Records from a collection

++++++++

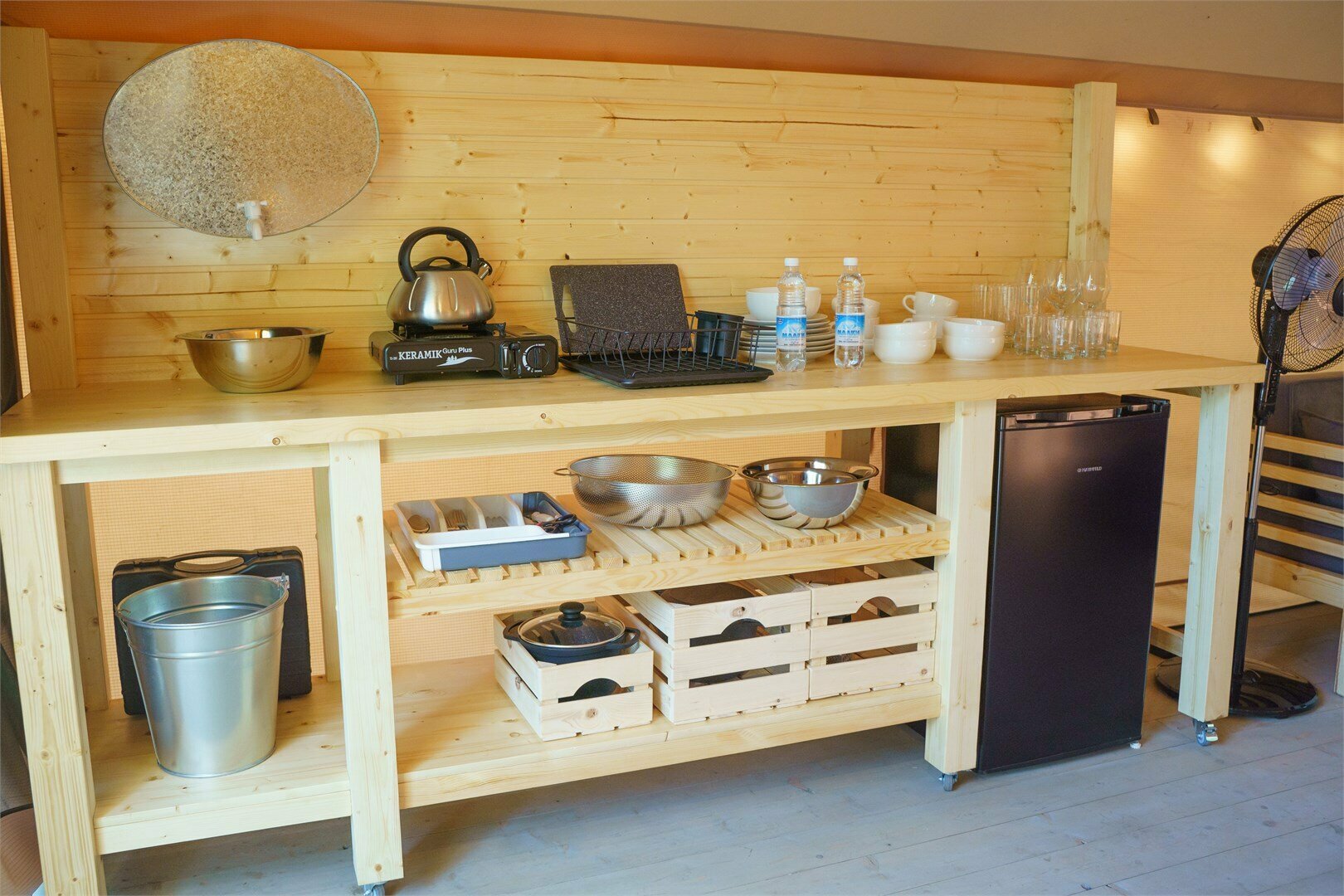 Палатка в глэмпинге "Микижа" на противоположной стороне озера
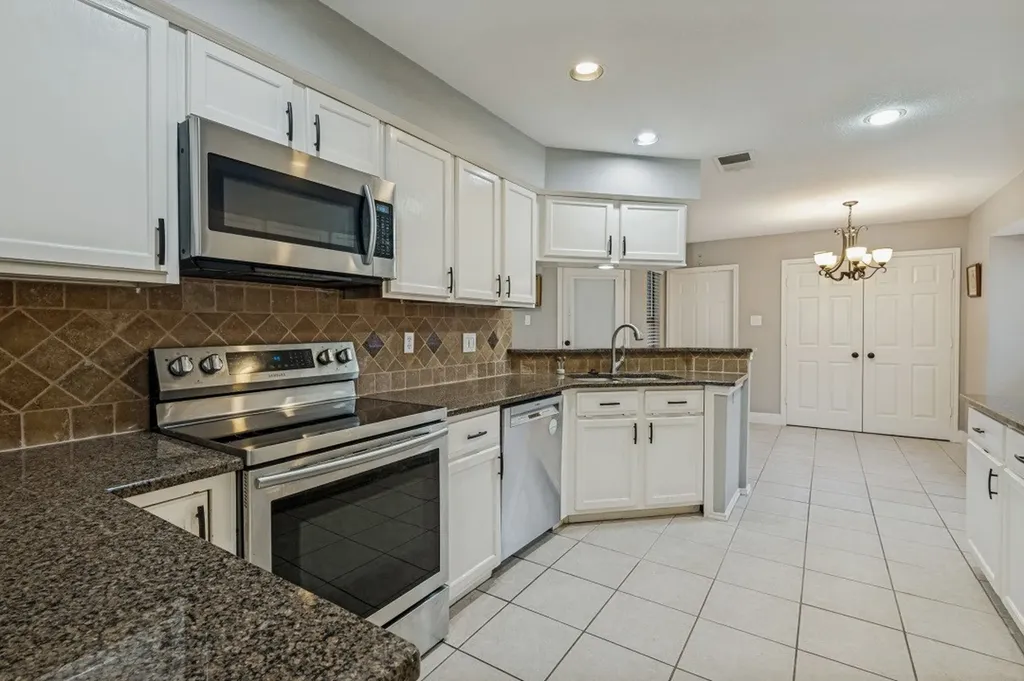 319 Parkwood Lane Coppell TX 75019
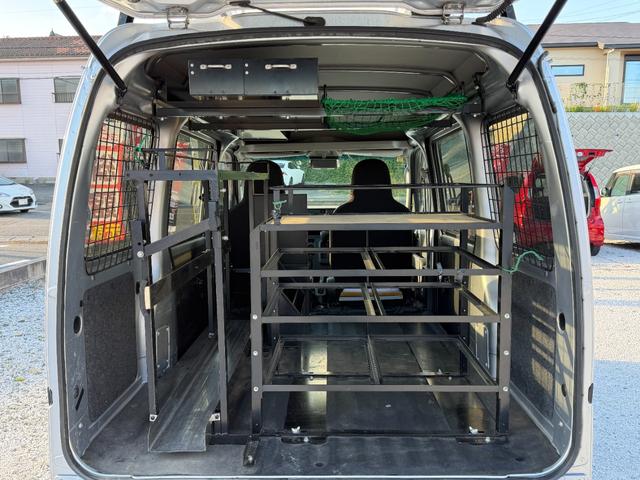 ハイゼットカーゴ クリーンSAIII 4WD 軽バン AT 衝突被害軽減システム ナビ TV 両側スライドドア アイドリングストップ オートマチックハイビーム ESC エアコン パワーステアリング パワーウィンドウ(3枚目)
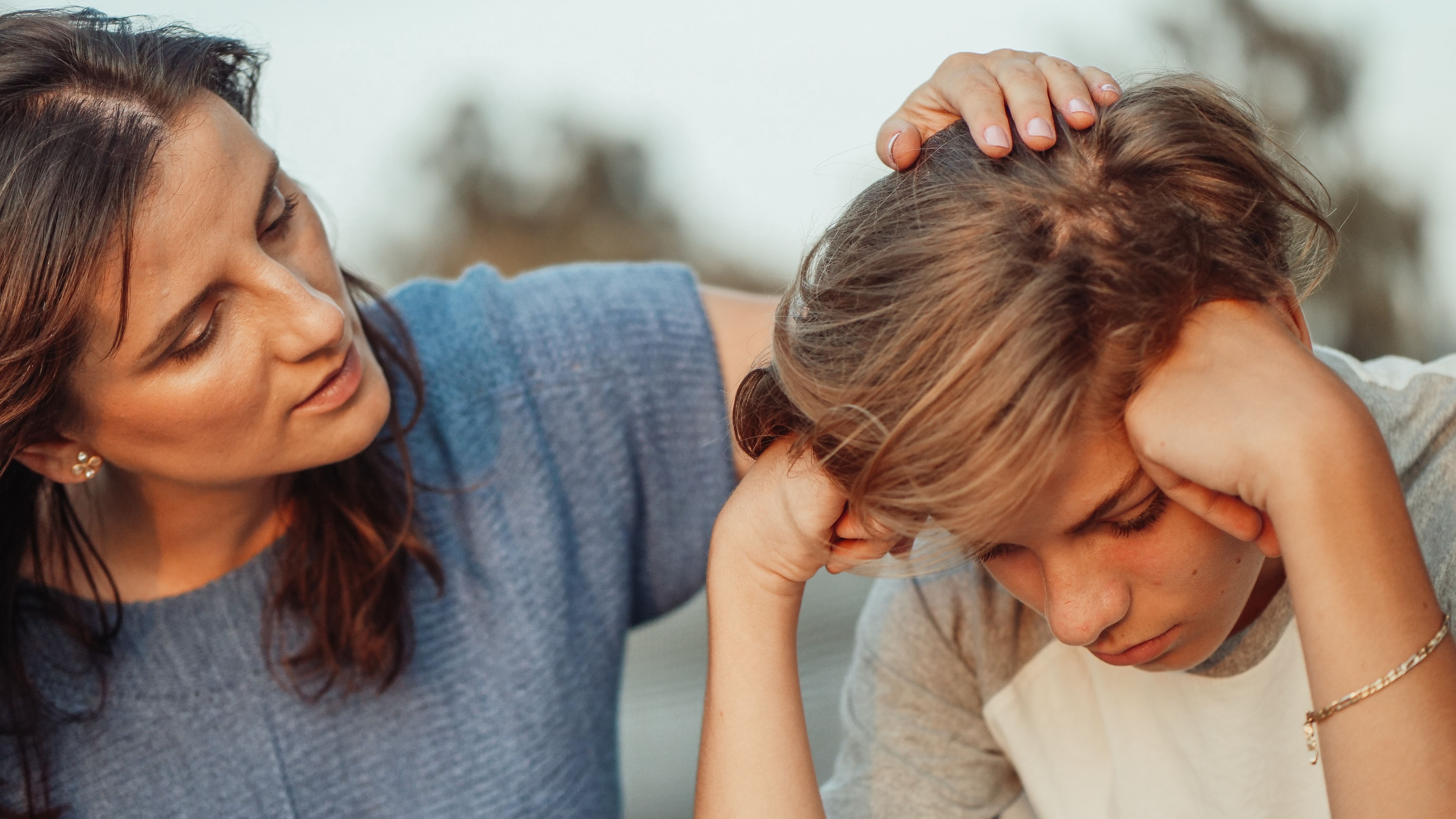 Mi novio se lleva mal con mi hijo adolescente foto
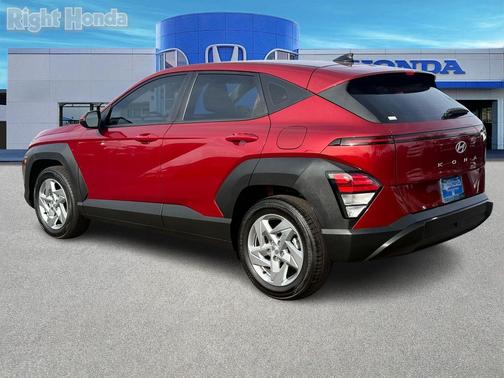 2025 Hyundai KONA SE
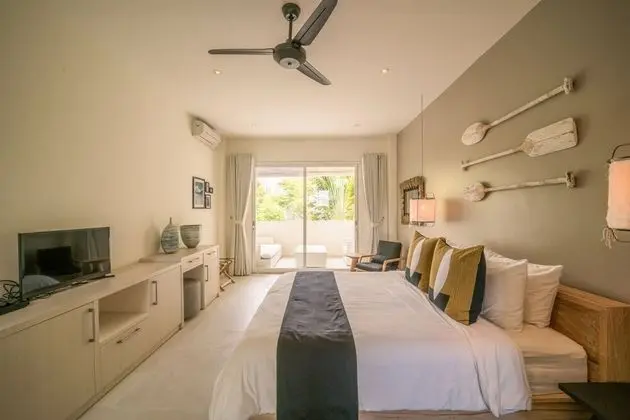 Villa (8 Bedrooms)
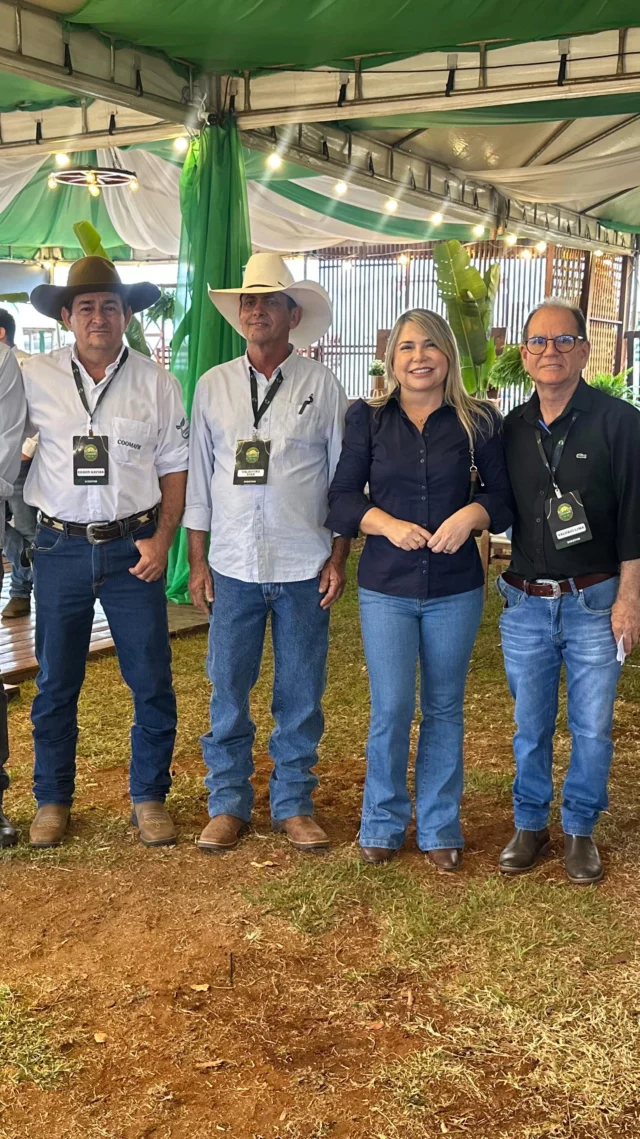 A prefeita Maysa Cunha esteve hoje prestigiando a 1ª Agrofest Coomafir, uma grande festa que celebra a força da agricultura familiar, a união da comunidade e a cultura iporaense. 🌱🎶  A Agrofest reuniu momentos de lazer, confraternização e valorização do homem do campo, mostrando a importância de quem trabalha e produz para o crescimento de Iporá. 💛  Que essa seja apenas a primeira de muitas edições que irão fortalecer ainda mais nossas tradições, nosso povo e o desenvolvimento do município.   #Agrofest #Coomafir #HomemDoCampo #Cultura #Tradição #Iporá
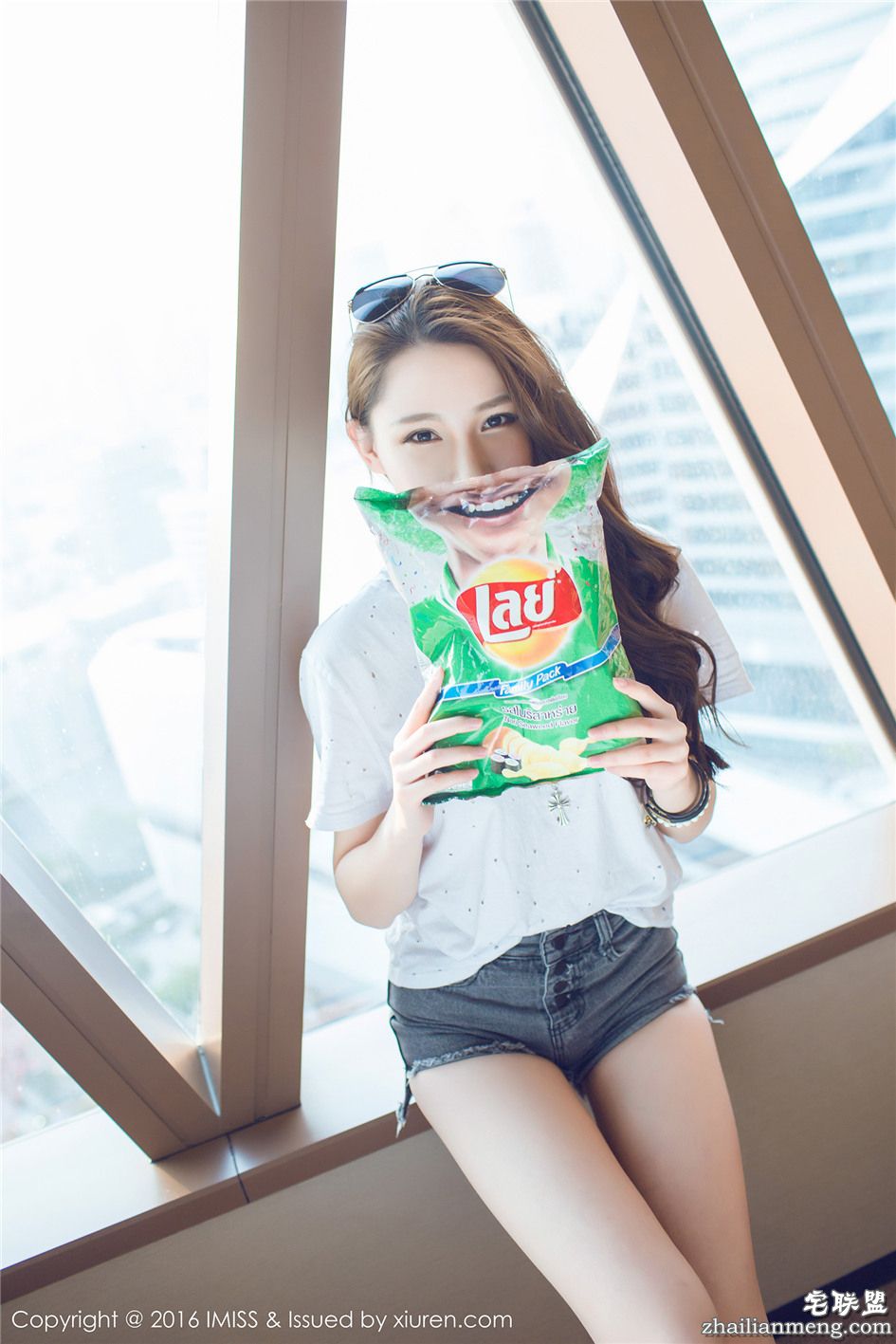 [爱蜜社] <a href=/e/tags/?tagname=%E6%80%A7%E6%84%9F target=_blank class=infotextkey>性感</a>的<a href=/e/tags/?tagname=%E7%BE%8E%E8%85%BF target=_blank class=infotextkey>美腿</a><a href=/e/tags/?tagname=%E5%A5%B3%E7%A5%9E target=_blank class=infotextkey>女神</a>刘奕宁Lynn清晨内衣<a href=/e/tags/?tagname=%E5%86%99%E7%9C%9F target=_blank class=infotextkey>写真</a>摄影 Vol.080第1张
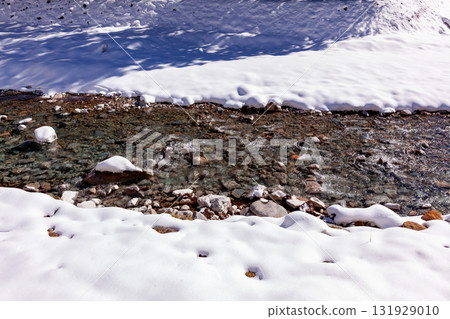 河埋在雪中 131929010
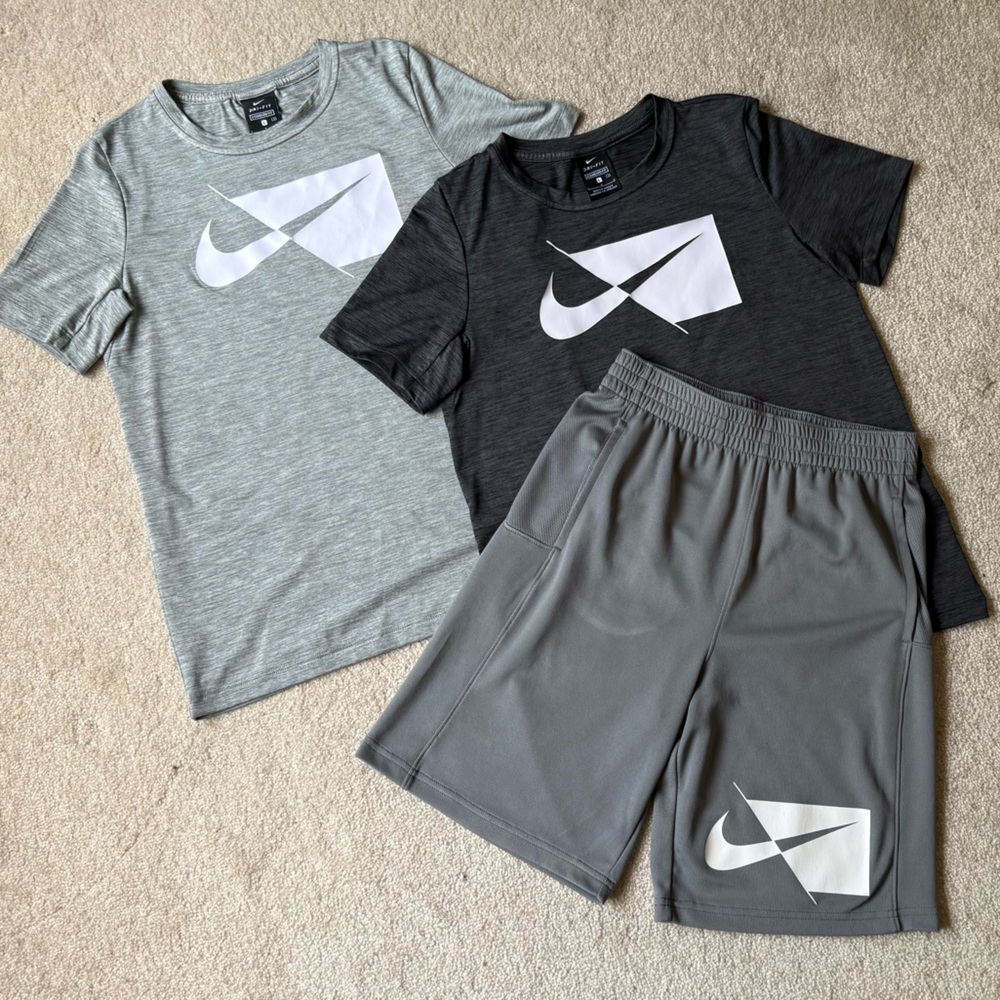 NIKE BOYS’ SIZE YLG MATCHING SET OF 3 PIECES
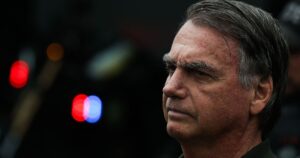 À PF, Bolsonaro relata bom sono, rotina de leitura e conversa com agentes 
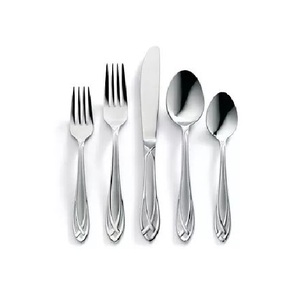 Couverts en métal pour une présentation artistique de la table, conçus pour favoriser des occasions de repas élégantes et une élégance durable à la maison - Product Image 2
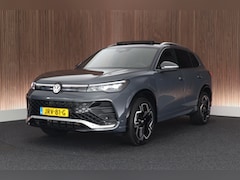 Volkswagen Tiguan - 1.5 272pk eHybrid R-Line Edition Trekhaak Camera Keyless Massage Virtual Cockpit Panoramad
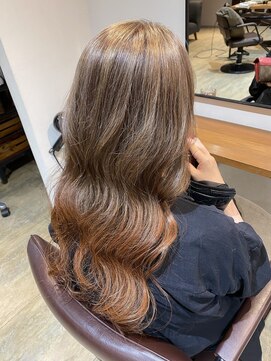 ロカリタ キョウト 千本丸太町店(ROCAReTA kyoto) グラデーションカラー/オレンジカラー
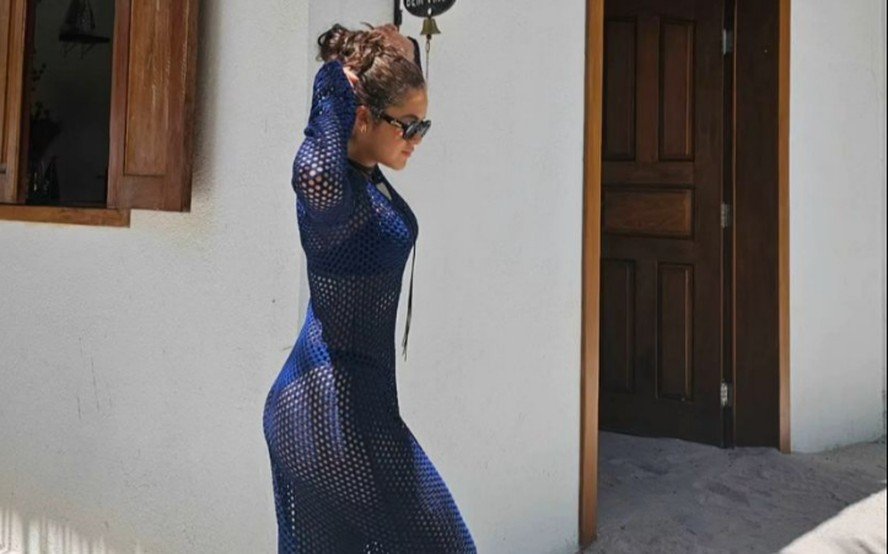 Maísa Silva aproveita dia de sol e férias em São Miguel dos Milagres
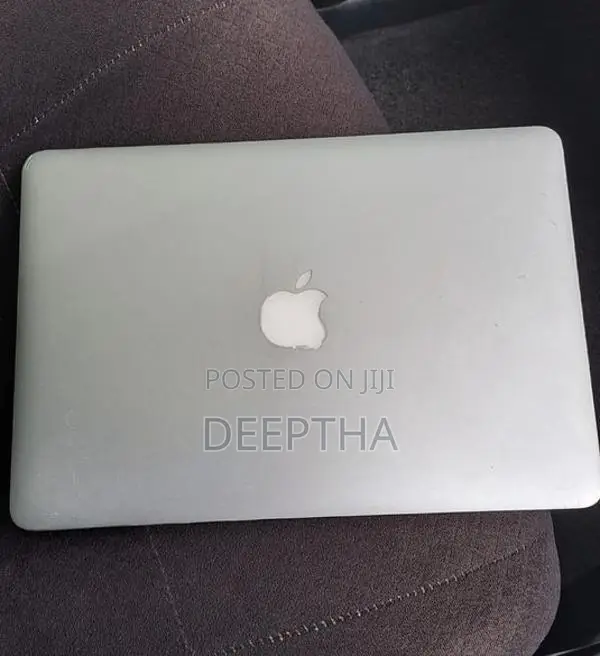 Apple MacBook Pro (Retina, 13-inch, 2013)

++++++++

Return the stretch of data that begins with the line showing "ハイゼットカーゴ クリーンSAIII 4WD" and goes on through the line showing "A prefeita Maysa", exactly, with pictures removed.

**Expected answer**
 ハイゼットカーゴ クリーンSAIII 4WD 軽バン AT 衝突被害軽減システム ナビ TV 両側スライドドア アイドリングストップ オートマチックハイビーム ESC エアコン パワーステアリング パワーウィンドウ(3枚目)
 Mi novio se lleva mal con mi hijo adolescente foto
 2025 Hyundai KONA SE
 Villa (8 Bedrooms)
 A prefeita Maysa Cunha esteve hoje prestigiando a 1ª Agrofest Coomafir, uma grande festa que celebra a força da agricultura familiar, a união da comunidade e a cultura iporaense. 🌱🎶  A Agrofest reuniu momentos de lazer, confraternização e valorização do homem do campo, mostrando a importância de quem trabalha e produz para o crescimento de Iporá. 💛  Que essa seja apenas a primeira de muitas edições que irão fortalecer ainda mais nossas tradições, nosso povo e o desenvolvimento do município.   #Agrofest #Coomafir #HomemDoCampo #Cultura #Tradição #Iporá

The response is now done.